• Extracted records:

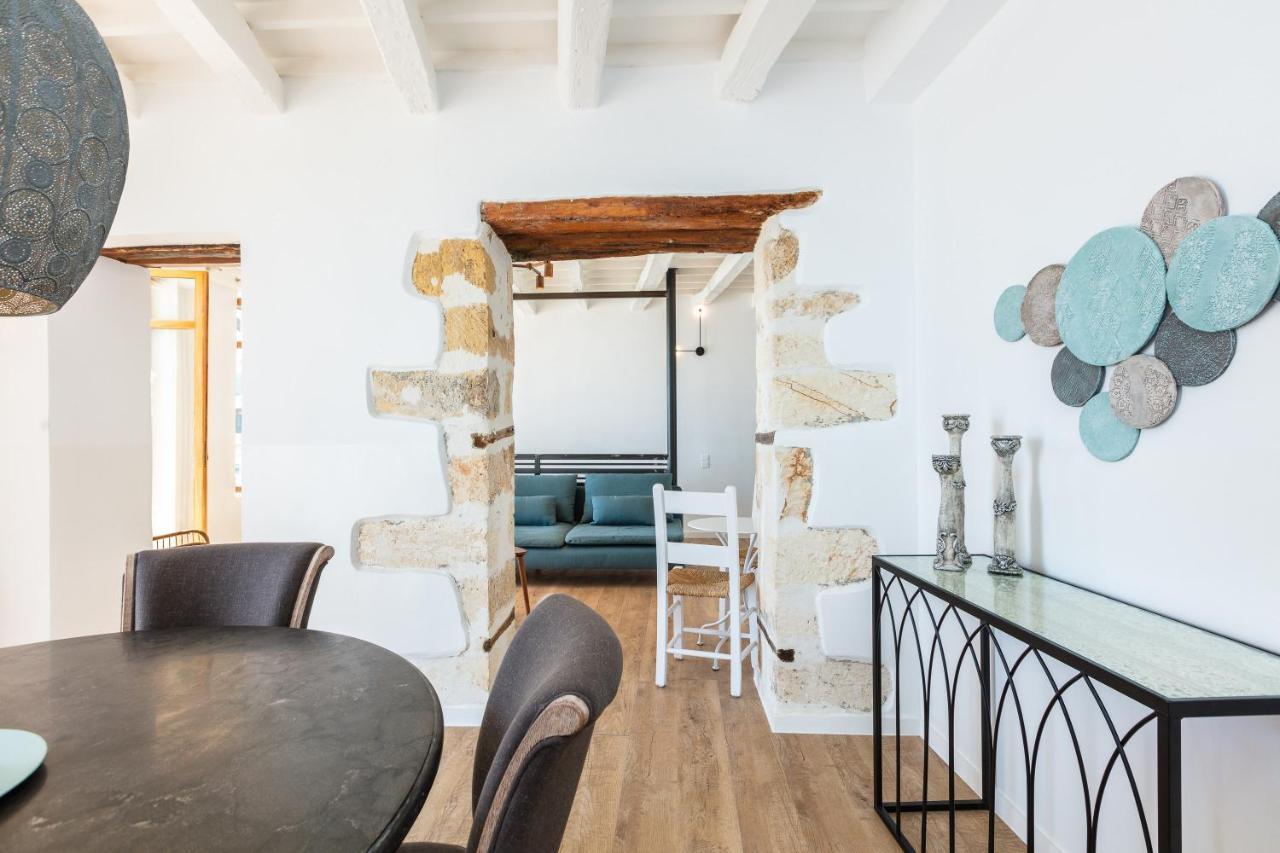Διαμέρισμα Anne Apartment, At The Venetian Port Of Rethimno! *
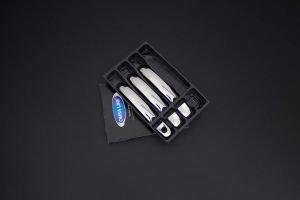 OMSA VW T6.1 Caravelle Krom Kapı Kolu 3 Kapı 2020-2023 Arası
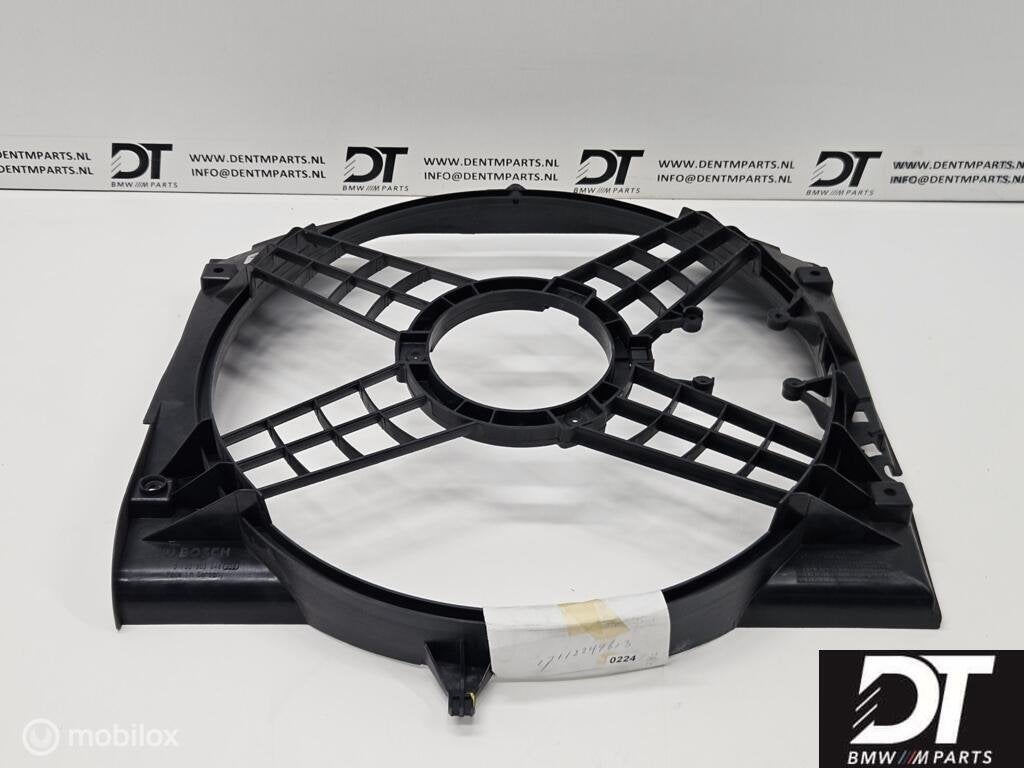 Ventilatorhuis BMW E46 Diesel M47 M57 17117790897, Nieuw, Ophalen of Verzenden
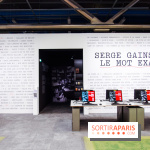 Serge Gainsbourg, le mot exact, nos photos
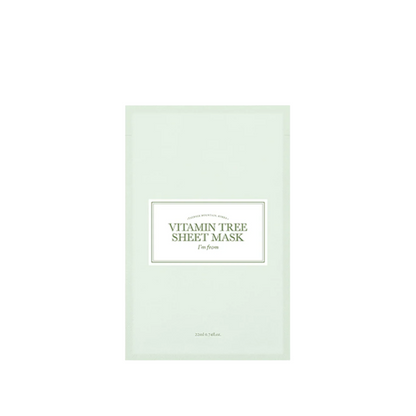 I'm From Vitamin Tree Sheet Mask 22 ml (1ea)
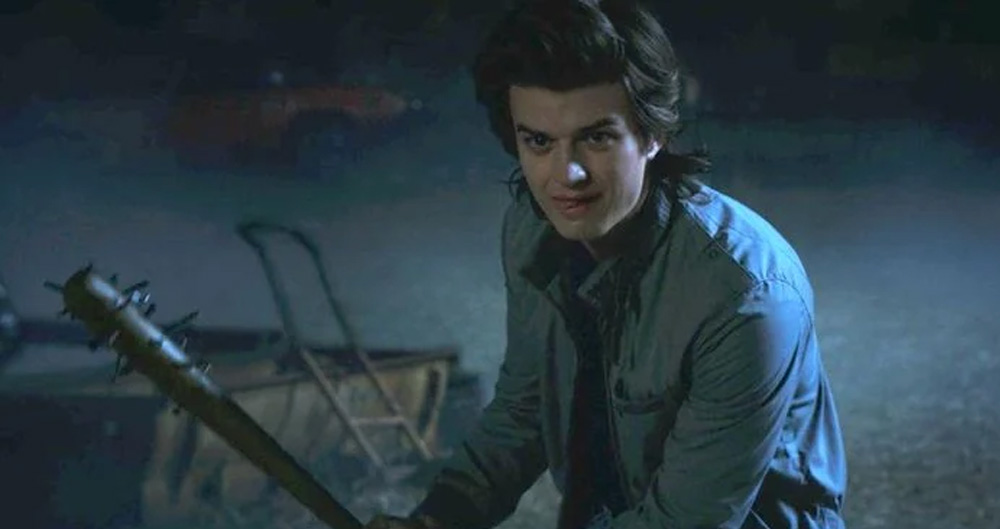 Stranger Things: Steve morre na parte 2 da 4ª temporada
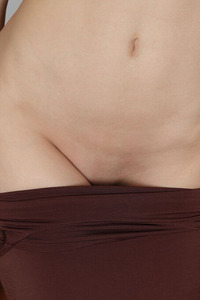 Lalli Sexy Exhibitionist Is Soon Perfectly Naked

• Aim of the exercise:
Write out each line again, exactly as it appears above, except for any picture.

• Exercise answer:
Διαμέρισμα Anne Apartment, At The Venetian Port Of Rethimno! *
 OMSA VW T6.1 Caravelle Krom Kapı Kolu 3 Kapı 2020-2023 Arası
 Ventilatorhuis BMW E46 Diesel M47 M57 17117790897, Nieuw, Ophalen of Verzenden
 Serge Gainsbourg, le mot exact, nos photos
 I'm From Vitamin Tree Sheet Mask 22 ml (1ea)
 Stranger Things: Steve morre na parte 2 da 4ª temporada
 Lalli Sexy Exhibitionist Is Soon Perfectly Naked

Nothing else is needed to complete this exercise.